## WHAT TO DO
Retype each entry. Leave every word as it is.

[Stored entries]
* * *
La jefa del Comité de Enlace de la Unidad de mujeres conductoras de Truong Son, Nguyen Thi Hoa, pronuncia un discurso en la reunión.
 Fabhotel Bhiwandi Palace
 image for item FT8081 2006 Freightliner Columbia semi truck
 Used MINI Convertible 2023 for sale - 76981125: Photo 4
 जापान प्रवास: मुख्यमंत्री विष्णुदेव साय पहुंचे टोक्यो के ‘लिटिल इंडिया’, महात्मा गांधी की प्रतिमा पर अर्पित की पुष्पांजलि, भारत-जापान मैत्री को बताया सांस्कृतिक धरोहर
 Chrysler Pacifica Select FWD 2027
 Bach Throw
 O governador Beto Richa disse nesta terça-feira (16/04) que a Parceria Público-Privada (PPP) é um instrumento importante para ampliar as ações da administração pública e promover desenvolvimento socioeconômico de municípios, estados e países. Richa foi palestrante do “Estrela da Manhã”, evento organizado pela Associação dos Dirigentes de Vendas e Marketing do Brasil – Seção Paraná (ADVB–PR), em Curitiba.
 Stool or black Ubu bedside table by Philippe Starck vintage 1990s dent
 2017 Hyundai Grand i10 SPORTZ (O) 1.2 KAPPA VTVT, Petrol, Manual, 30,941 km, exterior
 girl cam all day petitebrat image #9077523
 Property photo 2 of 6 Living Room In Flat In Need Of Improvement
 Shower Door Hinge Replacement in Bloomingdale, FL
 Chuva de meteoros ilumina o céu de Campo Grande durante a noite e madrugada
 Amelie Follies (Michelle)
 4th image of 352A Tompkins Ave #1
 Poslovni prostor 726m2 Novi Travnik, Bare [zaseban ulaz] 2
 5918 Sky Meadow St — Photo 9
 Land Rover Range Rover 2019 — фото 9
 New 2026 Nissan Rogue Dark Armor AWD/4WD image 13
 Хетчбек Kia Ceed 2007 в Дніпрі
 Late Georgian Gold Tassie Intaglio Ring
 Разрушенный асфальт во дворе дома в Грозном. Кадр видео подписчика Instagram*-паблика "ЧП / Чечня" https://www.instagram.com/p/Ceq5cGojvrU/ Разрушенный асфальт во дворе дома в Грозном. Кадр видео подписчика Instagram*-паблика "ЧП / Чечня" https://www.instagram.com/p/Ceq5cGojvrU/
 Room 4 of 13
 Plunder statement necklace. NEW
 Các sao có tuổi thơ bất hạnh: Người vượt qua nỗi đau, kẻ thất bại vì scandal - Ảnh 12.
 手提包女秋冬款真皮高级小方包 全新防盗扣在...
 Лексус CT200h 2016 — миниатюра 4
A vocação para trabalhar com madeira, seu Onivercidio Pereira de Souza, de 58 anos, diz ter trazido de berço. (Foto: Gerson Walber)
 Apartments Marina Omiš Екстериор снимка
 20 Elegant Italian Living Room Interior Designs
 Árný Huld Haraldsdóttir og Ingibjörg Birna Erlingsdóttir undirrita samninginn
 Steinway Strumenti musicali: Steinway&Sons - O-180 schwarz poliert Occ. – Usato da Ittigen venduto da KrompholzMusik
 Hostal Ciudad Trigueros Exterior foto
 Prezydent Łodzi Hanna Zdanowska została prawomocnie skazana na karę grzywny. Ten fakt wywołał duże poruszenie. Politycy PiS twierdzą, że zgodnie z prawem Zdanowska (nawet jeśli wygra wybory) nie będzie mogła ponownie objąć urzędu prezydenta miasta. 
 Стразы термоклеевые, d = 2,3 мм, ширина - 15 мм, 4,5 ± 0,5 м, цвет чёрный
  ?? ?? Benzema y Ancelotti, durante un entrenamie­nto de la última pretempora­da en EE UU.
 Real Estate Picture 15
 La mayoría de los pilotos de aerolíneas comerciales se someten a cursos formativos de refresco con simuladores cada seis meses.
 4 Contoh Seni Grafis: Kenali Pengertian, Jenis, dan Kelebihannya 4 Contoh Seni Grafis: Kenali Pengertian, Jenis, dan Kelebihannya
* * *
## ANSWER
La jefa del Comité de Enlace de la Unidad de mujeres conductoras de Truong Son, Nguyen Thi Hoa, pronuncia un discurso en la reunión.
 Fabhotel Bhiwandi Palace
 image for item FT8081 2006 Freightliner Columbia semi truck
 Used MINI Convertible 2023 for sale - 76981125: Photo 4
 जापान प्रवास: मुख्यमंत्री विष्णुदेव साय पहुंचे टोक्यो के ‘लिटिल इंडिया’, महात्मा गांधी की प्रतिमा पर अर्पित की पुष्पांजलि, भारत-जापान मैत्री को बताया सांस्कृतिक धरोहर
 Chrysler Pacifica Select FWD 2027
 Bach Throw
 O governador Beto Richa disse nesta terça-feira (16/04) que a Parceria Público-Privada (PPP) é um instrumento importante para ampliar as ações da administração pública e promover desenvolvimento socioeconômico de municípios, estados e países. Richa foi palestrante do “Estrela da Manhã”, evento organizado pela Associação dos Dirigentes de Vendas e Marketing do Brasil – Seção Paraná (ADVB–PR), em Curitiba.
 Stool or black Ubu bedside table by Philippe Starck vintage 1990s dent
 2017 Hyundai Grand i10 SPORTZ (O) 1.2 KAPPA VTVT, Petrol, Manual, 30,941 km, exterior
 girl cam all day petitebrat image #9077523
 Property photo 2 of 6 Living Room In Flat In Need Of Improvement
 Shower Door Hinge Replacement in Bloomingdale, FL
 Chuva de meteoros ilumina o céu de Campo Grande durante a noite e madrugada
 Amelie Follies (Michelle)
 4th image of 352A Tompkins Ave #1
 Poslovni prostor 726m2 Novi Travnik, Bare [zaseban ulaz] 2
 5918 Sky Meadow St — Photo 9
 Land Rover Range Rover 2019 — фото 9
 New 2026 Nissan Rogue Dark Armor AWD/4WD image 13
 Хетчбек Kia Ceed 2007 в Дніпрі
 Late Georgian Gold Tassie Intaglio Ring
 Разрушенный асфальт во дворе дома в Грозном. Кадр видео подписчика Instagram*-паблика "ЧП / Чечня" https://www.instagram.com/p/Ceq5cGojvrU/ Разрушенный асфальт во дворе дома в Грозном. Кадр видео подписчика Instagram*-паблика "ЧП / Чечня" https://www.instagram.com/p/Ceq5cGojvrU/
 Room 4 of 13
 Plunder statement necklace. NEW
 Các sao có tuổi thơ bất hạnh: Người vượt qua nỗi đau, kẻ thất bại vì scandal - Ảnh 12.
 手提包女秋冬款真皮高级小方包 全新防盗扣在...
 Лексус CT200h 2016 — миниатюра 4
A vocação para trabalhar com madeira, seu Onivercidio Pereira de Souza, de 58 anos, diz ter trazido de berço. (Foto: Gerson Walber)
 Apartments Marina Omiš Екстериор снимка
 20 Elegant Italian Living Room Interior Designs
 Árný Huld Haraldsdóttir og Ingibjörg Birna Erlingsdóttir undirrita samninginn
 Steinway Strumenti musicali: Steinway&Sons - O-180 schwarz poliert Occ. – Usato da Ittigen venduto da KrompholzMusik
 Hostal Ciudad Trigueros Exterior foto
 Prezydent Łodzi Hanna Zdanowska została prawomocnie skazana na karę grzywny. Ten fakt wywołał duże poruszenie. Politycy PiS twierdzą, że zgodnie z prawem Zdanowska (nawet jeśli wygra wybory) nie będzie mogła ponownie objąć urzędu prezydenta miasta. 
 Стразы термоклеевые, d = 2,3 мм, ширина - 15 мм, 4,5 ± 0,5 м, цвет чёрный
  ?? ?? Benzema y Ancelotti, durante un entrenamie­nto de la última pretempora­da en EE UU.
 Real Estate Picture 15
 La mayoría de los pilotos de aerolíneas comerciales se someten a cursos formativos de refresco con simuladores cada seis meses.
 4 Contoh Seni Grafis: Kenali Pengertian, Jenis, dan Kelebihannya 4 Contoh Seni Grafis: Kenali Pengertian, Jenis, dan Kelebihannya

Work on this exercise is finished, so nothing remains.